TASK INSTRUCTIONS
Leaving out pictures, output exactly the lines below from the one that has "img00084.jpg" through the one that has "- Жарковский район", and nothing else.

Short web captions

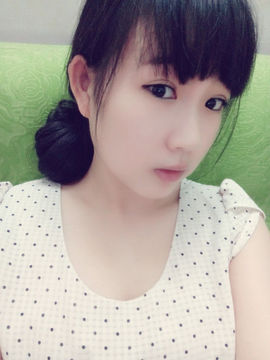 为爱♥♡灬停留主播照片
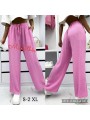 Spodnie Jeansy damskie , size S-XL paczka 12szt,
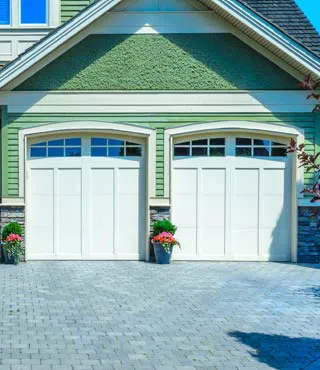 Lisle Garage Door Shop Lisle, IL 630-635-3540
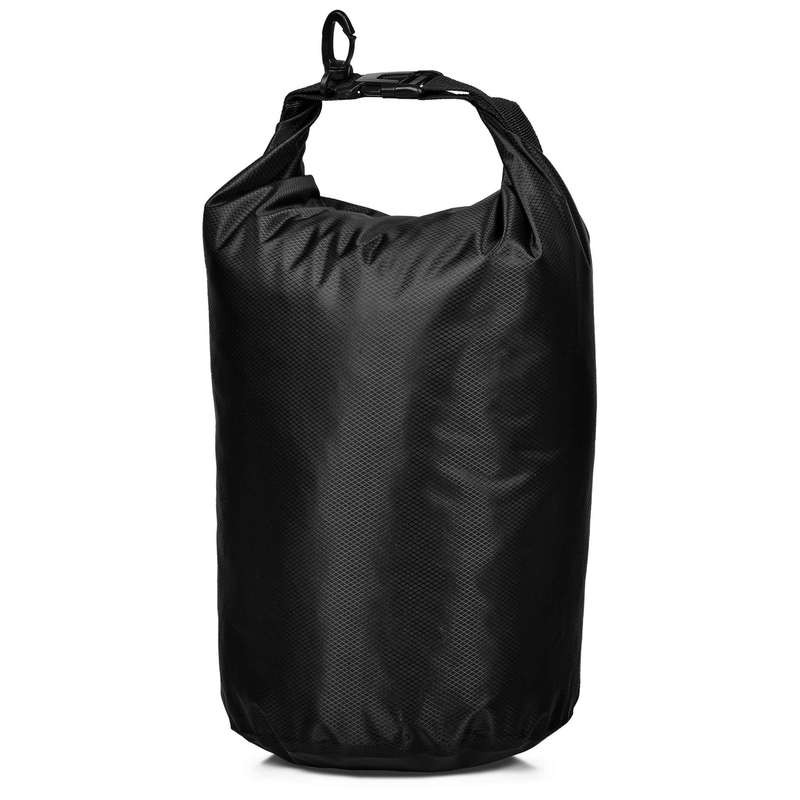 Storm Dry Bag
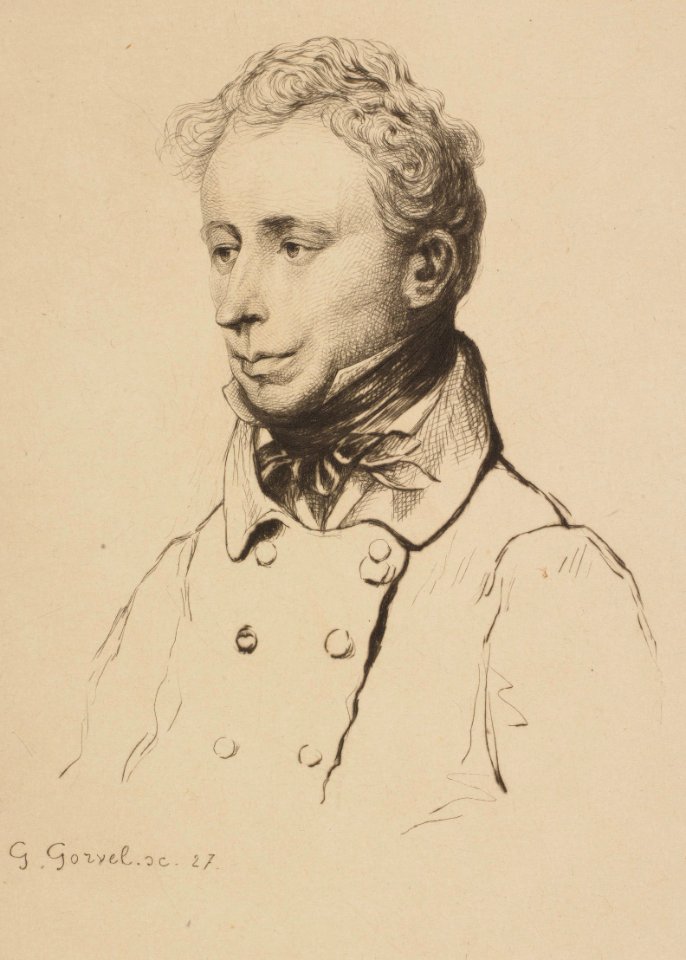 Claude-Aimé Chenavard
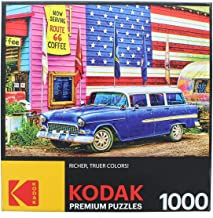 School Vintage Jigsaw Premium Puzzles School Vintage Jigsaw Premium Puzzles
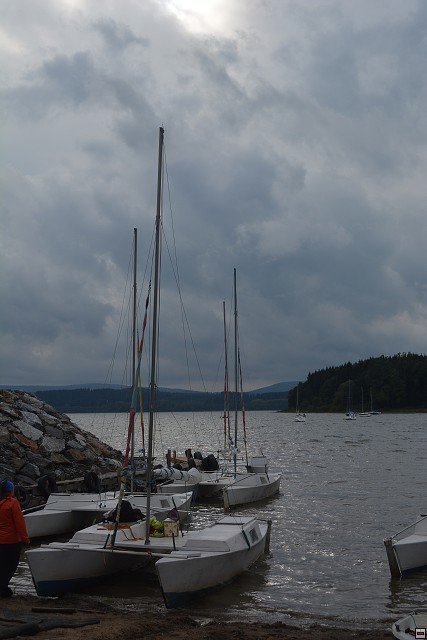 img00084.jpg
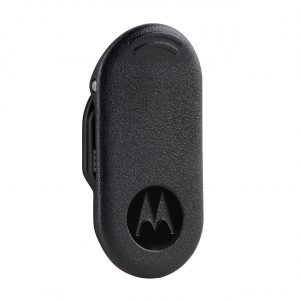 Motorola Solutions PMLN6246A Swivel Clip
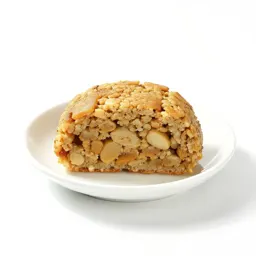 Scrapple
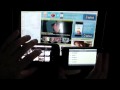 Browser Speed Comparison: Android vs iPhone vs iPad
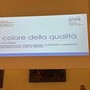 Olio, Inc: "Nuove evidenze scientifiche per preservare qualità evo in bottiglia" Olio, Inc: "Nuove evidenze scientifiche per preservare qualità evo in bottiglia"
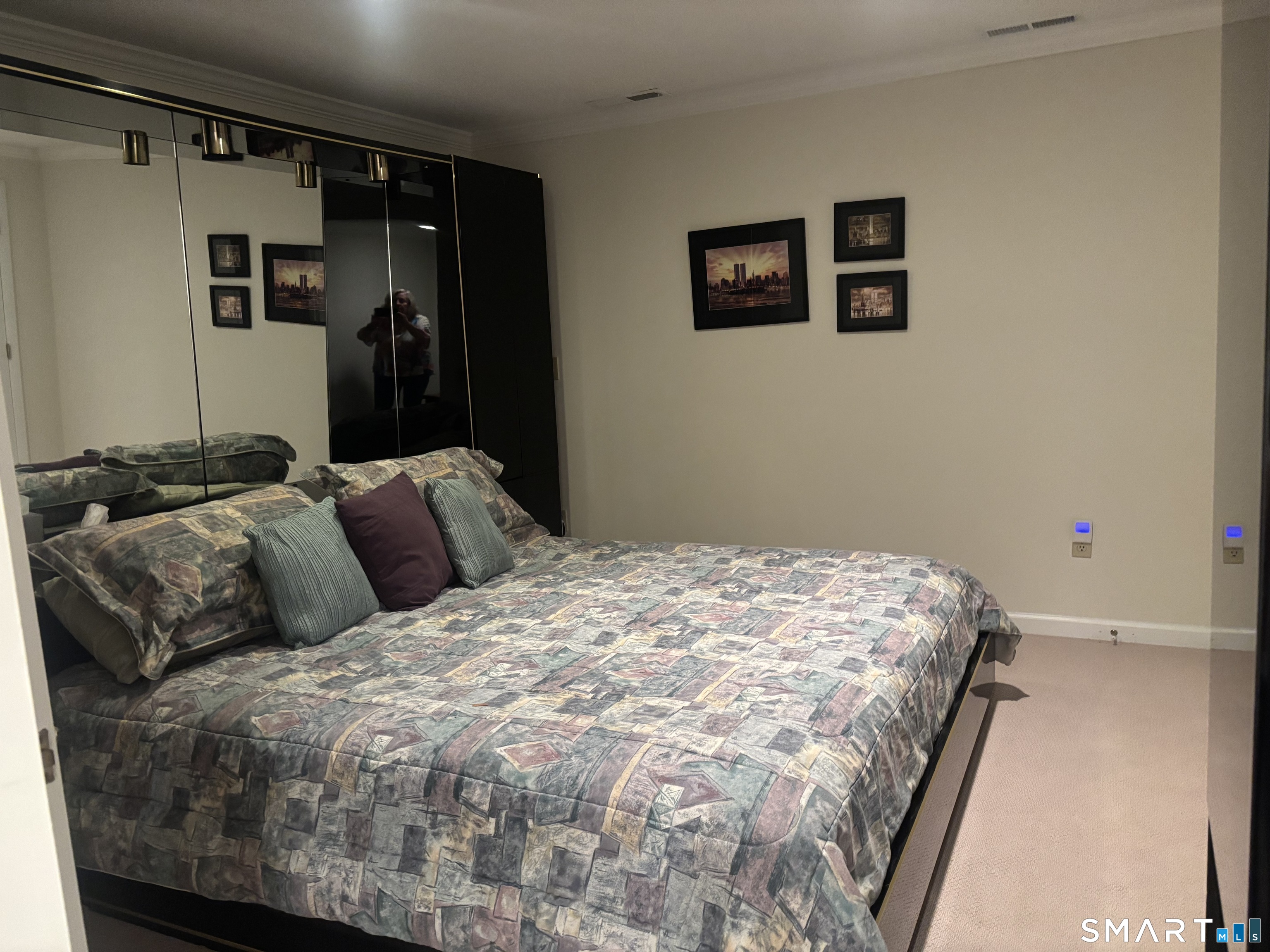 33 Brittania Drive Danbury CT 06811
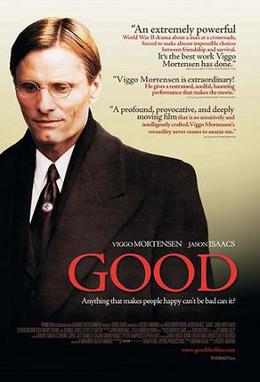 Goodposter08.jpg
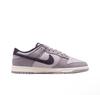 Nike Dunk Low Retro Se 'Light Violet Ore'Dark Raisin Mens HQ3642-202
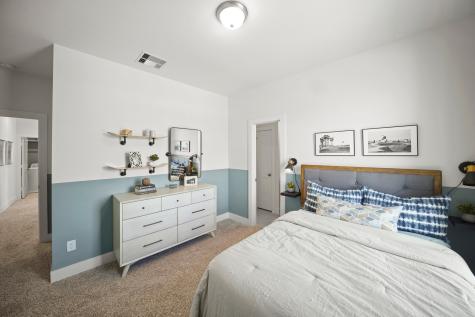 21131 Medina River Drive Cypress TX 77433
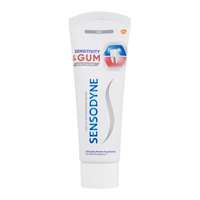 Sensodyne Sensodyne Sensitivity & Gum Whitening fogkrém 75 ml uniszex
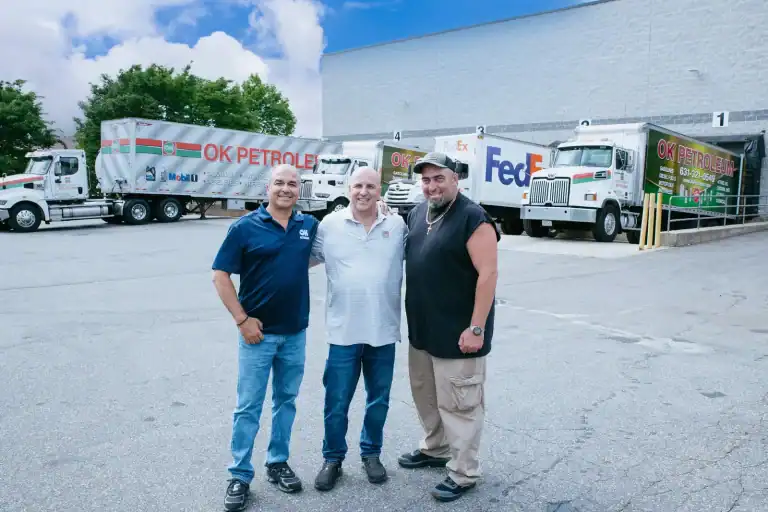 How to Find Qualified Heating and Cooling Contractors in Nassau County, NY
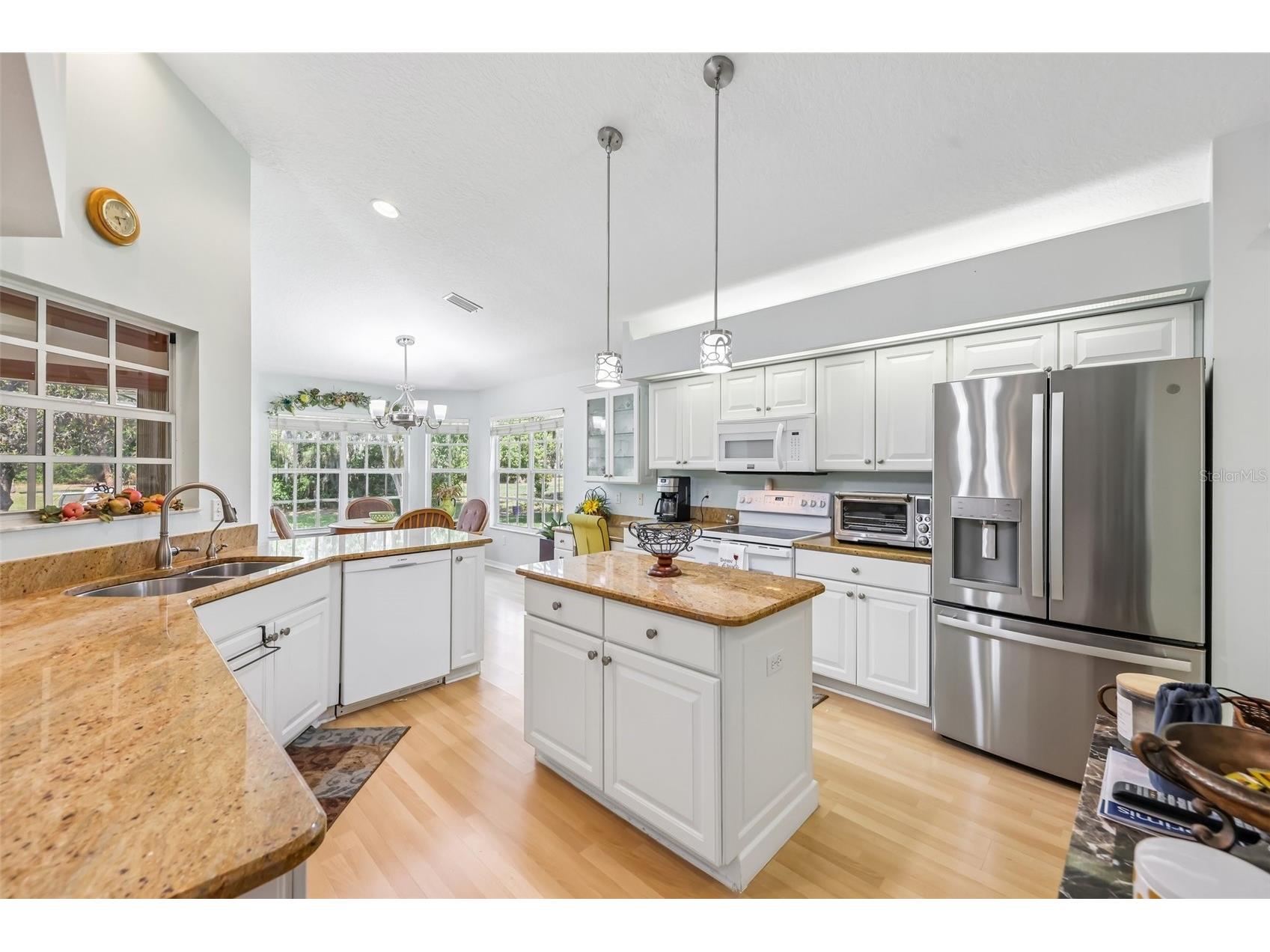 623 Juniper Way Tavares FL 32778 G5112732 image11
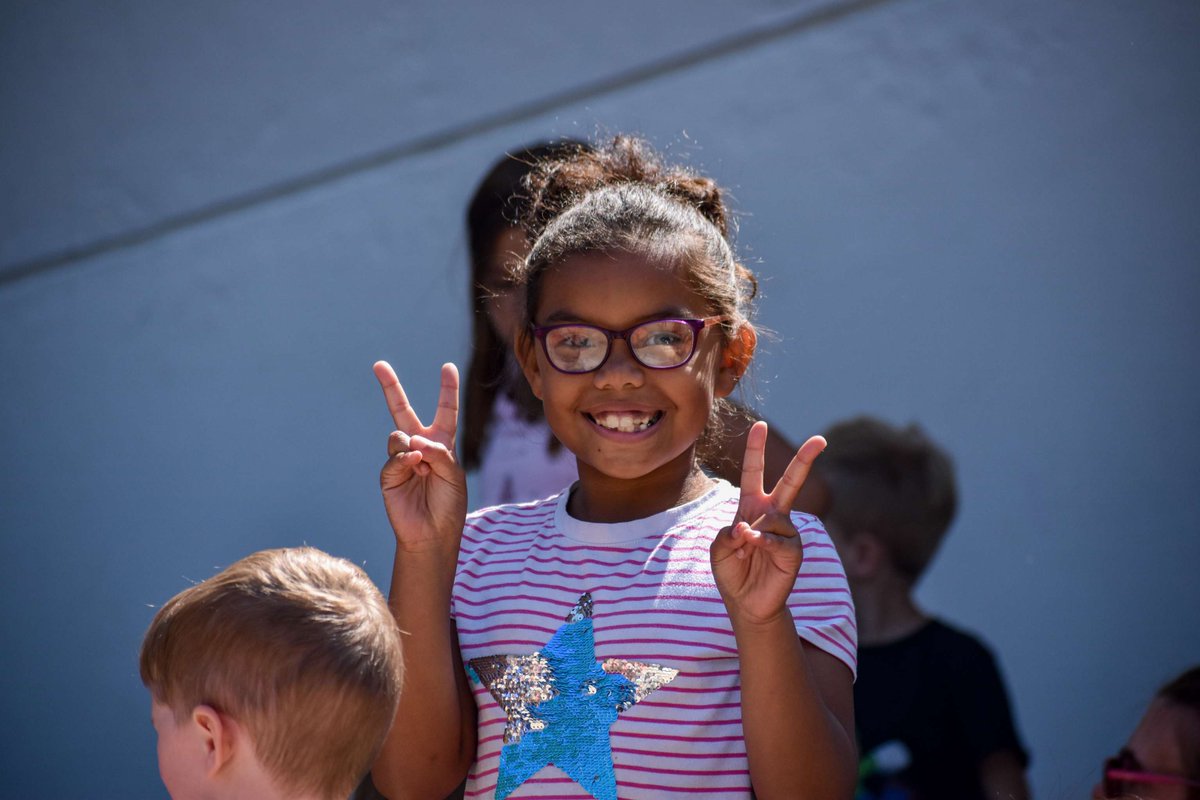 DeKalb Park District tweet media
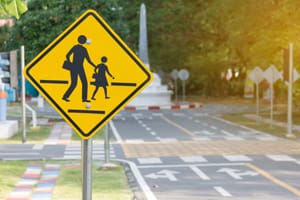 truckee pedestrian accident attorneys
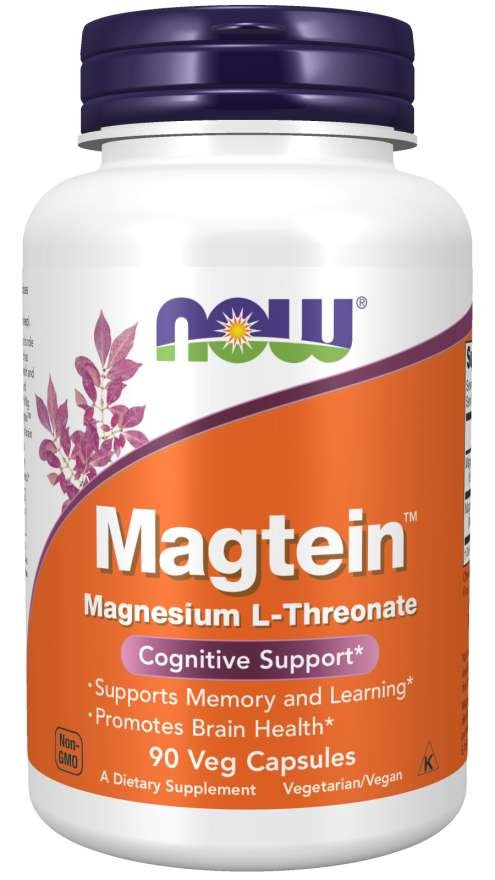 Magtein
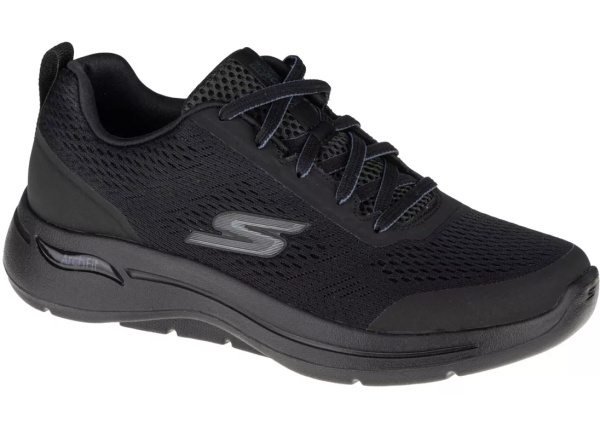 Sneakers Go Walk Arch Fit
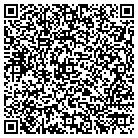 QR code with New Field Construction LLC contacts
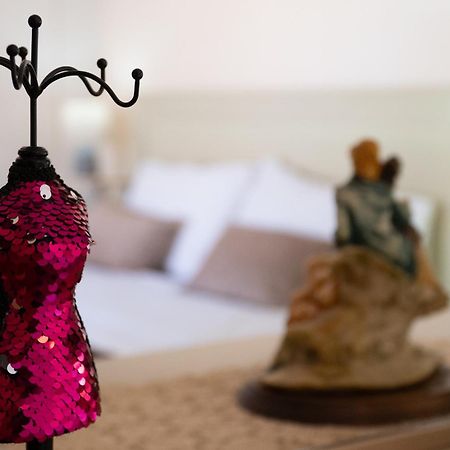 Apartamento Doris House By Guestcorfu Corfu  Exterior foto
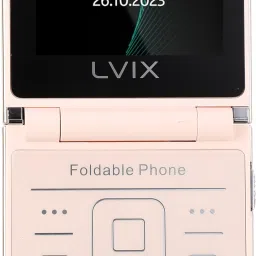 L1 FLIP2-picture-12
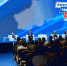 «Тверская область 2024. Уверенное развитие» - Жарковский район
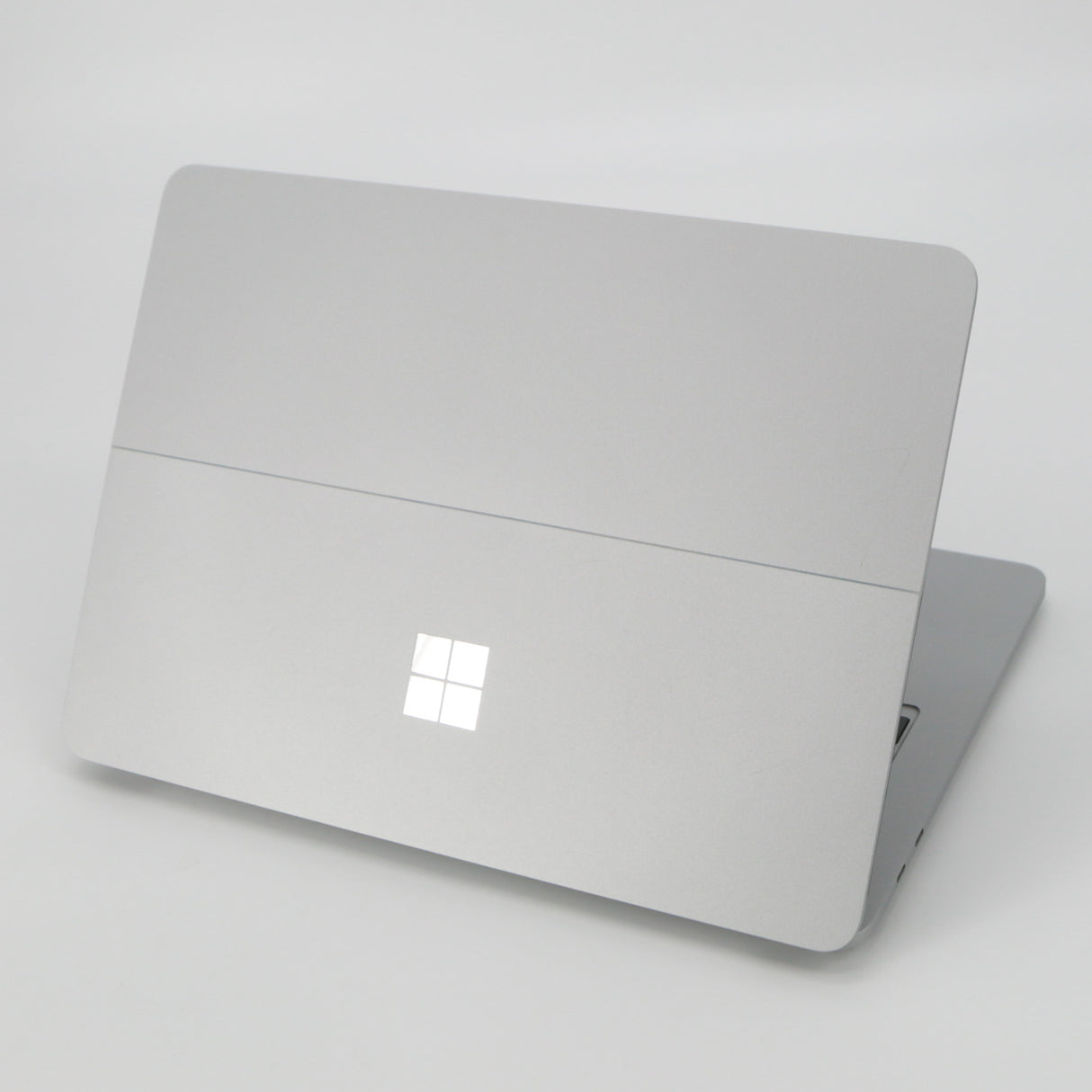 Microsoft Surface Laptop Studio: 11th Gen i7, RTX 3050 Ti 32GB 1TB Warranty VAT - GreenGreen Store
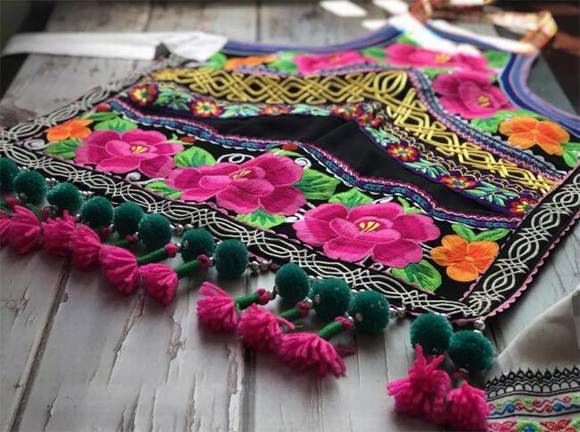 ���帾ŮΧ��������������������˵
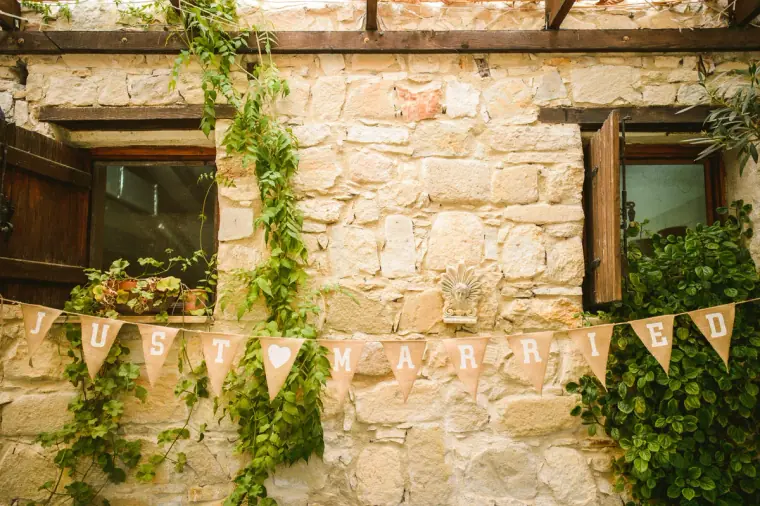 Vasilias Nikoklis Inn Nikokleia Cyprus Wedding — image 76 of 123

ANSWER BOX
 img00084.jpg
 Motorola Solutions PMLN6246A Swivel Clip
 Scrapple
 Browser Speed Comparison: Android vs iPhone vs iPad
 Olio, Inc: "Nuove evidenze scientifiche per preservare qualità evo in bottiglia" Olio, Inc: "Nuove evidenze scientifiche per preservare qualità evo in bottiglia"
 33 Brittania Drive Danbury CT 06811
 Goodposter08.jpg
 Nike Dunk Low Retro Se 'Light Violet Ore'Dark Raisin Mens HQ3642-202
 21131 Medina River Drive Cypress TX 77433
 Sensodyne Sensodyne Sensitivity & Gum Whitening fogkrém 75 ml uniszex
 How to Find Qualified Heating and Cooling Contractors in Nassau County, NY
 623 Juniper Way Tavares FL 32778 G5112732 image11
 DeKalb Park District tweet media
 truckee pedestrian accident attorneys
 Magtein
 Sneakers Go Walk Arch Fit
 QR code with New Field Construction LLC contacts
 Apartamento Doris House By Guestcorfu Corfu  Exterior foto
 L1 FLIP2-picture-12
 «Тверская область 2024. Уверенное развитие» - Жарковский район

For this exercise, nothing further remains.